Arte corporal de nueve estrellas de Hegemon – Capítulo 2735 Humillación
Capítulo 2735 Humillación
“No te preocupes, ese día nunca llegará. Nadie puede proteger sus secretos frente a mí. El Señor Santo me dio un mes, para que podamos jugar despacio. No hay necesidad de apresurarse, jeje…”
La espada del Heaven Executioner de repente se iluminó con runas, y la apuñaló en el pecho de Long Chen.
Cuando resonó el sonido de raspar contra el hueso, el cuerpo de Long Chen se retorció violentamente. El dolor hizo que las venas de su frente se hincharan, pero aun así no emitió ningún sonido.
“Cuando se llevaron tu Spirit Bone, parecía que no estaba muy limpio. Déjame ayudarte a ordenar…” El Verdugo Celestial sonrió inquietantemente y comenzó a arrastrar su espada hacia abajo. El Spirit Bone era lo que conectaba el espíritu y el Blood Qi, y se podría decir que su ubicación es el punto más sensible del cuerpo humano. Para que una cuchilla atravesara allí, era suficiente para que una persona quisiera morir.
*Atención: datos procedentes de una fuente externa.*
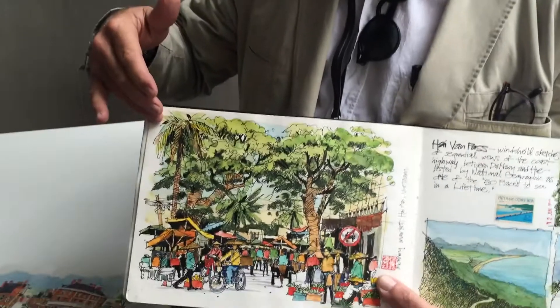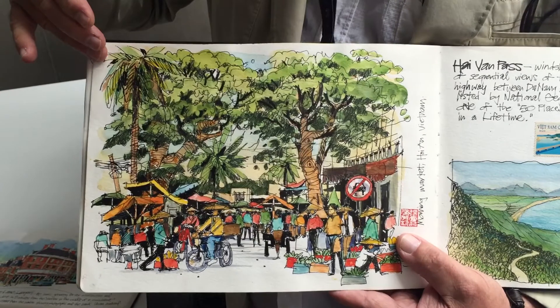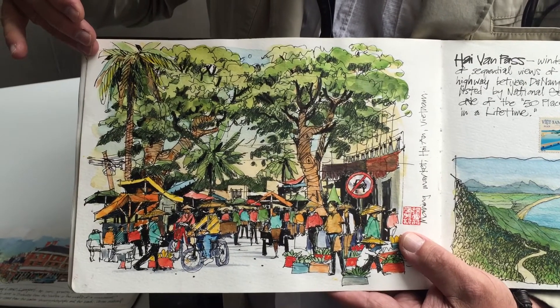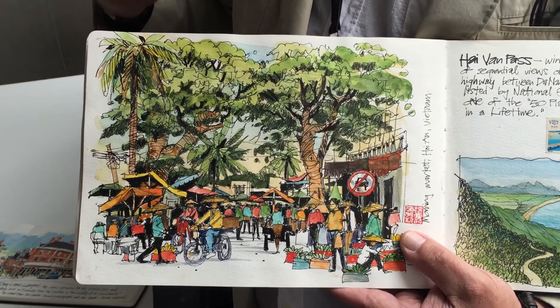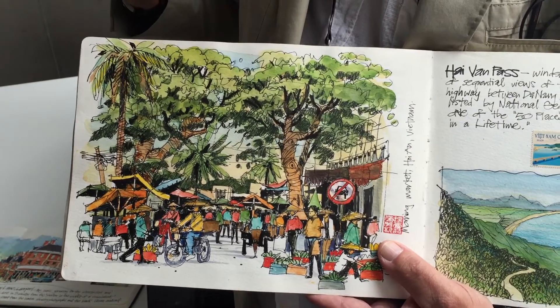We've had great success with that in terms of encouraging people who've never put people in their sketches before to do that. Here's an example from Vietnam, from Hoi An — the street market with lots of overlapping people in a very vibrant sense. Color reinforces that, and the blacks and whites reinforce that.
«¿Duele? Si te duele, debes gritar. Eso podría hacerte sentir mejor. Las palabras del Verdugo Celestial eran tentadoras. Definitivamente tenían un efecto poderoso en alguien con un dolor inimaginable. Sin embargo, Long Chen sabía que una vez que gritara, su última defensa mental se derrumbaría. Esta fue una batalla mental.
El dolor se apoderó del cuerpo de Long Chen como un tsunami. Apretó los dientes, sin hacer ruido.
De repente, su visión se oscureció cuando se desmayó. Solo entonces el Verdugo Celestial retiró su espada. Su sonrisa se desvaneció, reemplazada por un ceño fruncido solemne.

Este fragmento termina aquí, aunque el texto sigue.